To be sure, a lot of the conveniences and necessities most hotel
guests (especially those traveling on business) need, or think they need,
aren’t present in the Serengeti. Because there’s no Wi-Fi or cell power, you
don’t have to keep computers and smartphones running. And there’s no cable, so
you don’t need to power televisions. (There is, the joke goes, one channel, Bush
TV — i.e., the parade of large mammals ambling by.)
But the experience does make you think (especially because there
is only Bush TV to distract you from your thoughts). Count the number of light
bulbs, appliances, and other devices that are either turned on or just drawing
power from a wall socket when they’re not being used in your office and home.

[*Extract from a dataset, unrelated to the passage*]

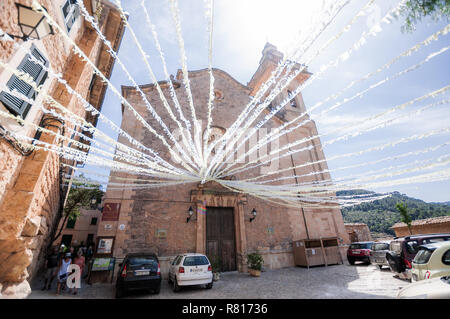 Mallorca, Balearen, Spanien - 21. Juli 2013: Pfarrkirche St. Bartholomäus in Valldemossa Stockfoto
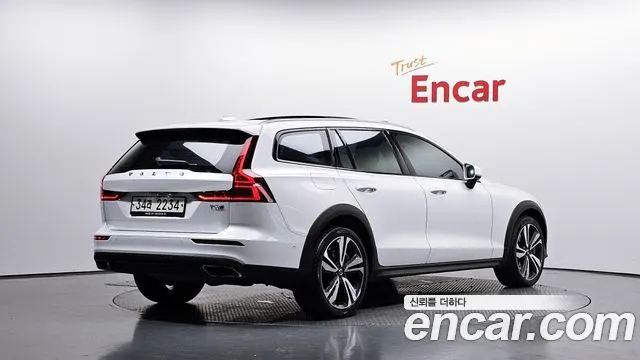 VOLVO V60 CROSS COUNTRY 2019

Or consider the amount of time your house or workplace is heated or cooled and
lit when nobody is in it, or the volume of trash even the most environmentally
conscious teams and families produce.
The contrast in the way food is delivered is also immense. For a
week, we ate virtually no processed or packaged foods. Everything that was
prepared — fruits, vegetables, meats, grains, and drinks — was trucked in and
carefully measured. Food waste is buried on-site. Because all recyclables and
trash plastic have to be trucked out a great distance, tremendous care is taken
to avoid their use. No paper napkins or plastic plates, no disposable cutlery.
In a week, my sustenance at the park generated about as much material waste as
a single trip to the deli near my office for a cup of coffee and a turkey
sandwich: the paper bag, the paper wrapping of the sandwich, the plastic
clamshell container, napkins, a plastic stirrer, packets of salt, pepper,
mustard, mayonnaise, and sugar, all placed in a plastic bag.
Of course, this is an extreme example. And there’s no way to
analogize directly between a safari camp and a midtown Manhattan office tower.
But extreme situations serve to highlight useful contrasts. Nobody would argue
that you can live, work, and deliver high-value-added services in New York in
the absence of modern infrastructure, and by using as little power and
generating as little waste as a tourist operation in remote Tanzania. But it’s
only when you’re around a business that treats every resource as precious that
you start to realize just how much waste there is in your own daily life.